You are probably familiar with the phrase “Less is More”. A phrase which has gained more popularity recently as it has been adopted by numerous manufacturers and service providers as their design philosophy. In a world of increasing complexity, some peace and simplicity are indeed required.
At Radiocrafts, we seized the opportunity to create a simple, yet highly reliable, solution, able to cater to the most basic need for wireless: Replacing a cable!
Therefore, in this blog topic, we will talk about the challenges that come with having a wired solution for your design, then we move on to talk about wireless solutions for cable replacements and how they can often times be quite complex. We finally talk about Radiocrafts’ RC232 wireless solution which was designed as a simple, easy-to-use, high performance solution which both reduces costs, security and installation difficulties that come with a wired solution while dramatically reducing the complications of setting up a wireless network.
Wired Vs Wireless Solutions
In many industrial settings, the presence of extended cables can be a hassle, in terms of safety, maintenance, cost, space utilization, scalability, and the list goes on. Thus, an easy-to-use cable replacement sounds like a brilliant idea, right?
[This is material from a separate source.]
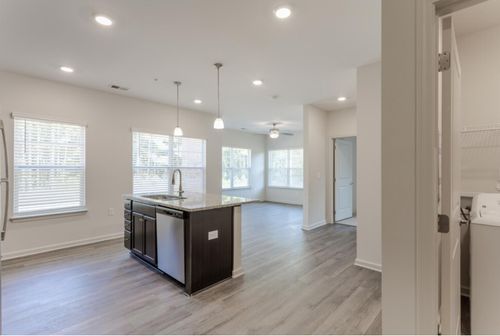 apt-301-100 Grove Cir, Lillington, NC, 27546-4861 | Card Image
The idea might sound brilliant, but anyone who has even just walked next to the walls of engineering school knows that wireless can often be quite complex. Wireless protocols are often put under stringent requirements, such as, delivering a certain QoS under much background noise, high throughput, long range, security, etc. This reflects on wireless protocols in terms of complexity. For example, for a wireless link to be stable against noise and interference, one of the solutions used is “listen before talk”, which means the radio transmitter has to listen to test if the channel it will use is already utilized or not. Another example when it comes to security is Authentication and handshakes, which basically means a long process at network setup phase where you have to give node A the address of node B, then set node B as a Gateway, then Node A asks to join node B, then Node B asks node A for network keys, then node B approves, then node A asks permission to speak, then node B approves, and so on.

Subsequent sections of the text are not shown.